I asked for something cold and dry to just take the edge off before dinner in an hour or so. What I got was a glass of something cold, crisp and white and bright - just what one wants if one is drinking something white rather than red.
This was Tio Pepe, a Spanish dry sherry, fino style. As I am in party-planning mode currently, and though already up to two signature drinks for the evening, I am recalling I just have to add Tio Pepe into the mix.
I so agree with Tim League's pronouncement: not your grandma's sherry - in his BADASS Digest in which he includes my dear friend Tio Pepe. (Caveat: It's an older 2011 article and refers to a sherry tasting at The Highball. Long, long sigh that Highball is N/A right now.)
Poor sherry...so maligned. But I'm apparently not alone in my somewhat late to the party (as always) awakening -- to sherry -- thanks only to that wrong turn in Paris.
Sherry is having a comeback, however, in the US and in London apparently, per this Food and Wine article, Sherry on Top: "Given that sherry hasn’t been fashionable since the late 1700s or so, that’s quite a statement. But in London—and to some degree at restaurants in the US run by forward-looking sommeliers—sherry is having its moment."

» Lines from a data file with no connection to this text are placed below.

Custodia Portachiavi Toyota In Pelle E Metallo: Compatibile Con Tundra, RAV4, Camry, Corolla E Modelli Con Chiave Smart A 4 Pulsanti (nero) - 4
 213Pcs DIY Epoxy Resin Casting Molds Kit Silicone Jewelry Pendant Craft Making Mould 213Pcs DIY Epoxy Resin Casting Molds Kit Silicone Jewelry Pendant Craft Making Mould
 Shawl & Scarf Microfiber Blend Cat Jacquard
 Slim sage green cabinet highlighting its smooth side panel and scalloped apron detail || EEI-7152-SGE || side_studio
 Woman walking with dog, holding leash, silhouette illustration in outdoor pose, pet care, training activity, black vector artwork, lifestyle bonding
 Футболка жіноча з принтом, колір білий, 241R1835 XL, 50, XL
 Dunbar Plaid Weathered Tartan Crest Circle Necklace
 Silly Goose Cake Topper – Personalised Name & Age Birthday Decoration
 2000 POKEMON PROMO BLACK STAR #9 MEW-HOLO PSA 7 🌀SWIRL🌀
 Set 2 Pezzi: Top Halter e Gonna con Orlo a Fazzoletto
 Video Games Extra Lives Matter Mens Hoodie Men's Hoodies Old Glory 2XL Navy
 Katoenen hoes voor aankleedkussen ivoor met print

There's too much technical detail in that article for me. But I heartily agree with the following based on my empirical study during that early spring evening in Paris. The Food and Wine article linked above reports for Tio Pepe, as one of "5 Great Sherries to Buy":
One of the world’s most popular sherries, this fino is also very good: dry, balanced and crisp, with a light minerally tang. Look also for the limited-production, unfiltered En Rama bottling (#25), which is more intense and exotic.
Yep, Tio Pepe, the time has come. It has been a year. A rough year, true. But still. I have not held true to my promise to stay well-stocked with you in le frigo, lined up there along with my many bottles of random sparkling wines from many countries and the V-8 Splash, which many days substitutes (at least in my mind) for my son's daily vegetable servings when I am not making him haricots verts in garlic and olive oil (the only vegetable he appears to tolerate), which is often.
But your day is coming, Tio, my friend. We will see if you are available at (i) The Austin Wine Merchant or(ii) last resort, Spec's. Hasta luego.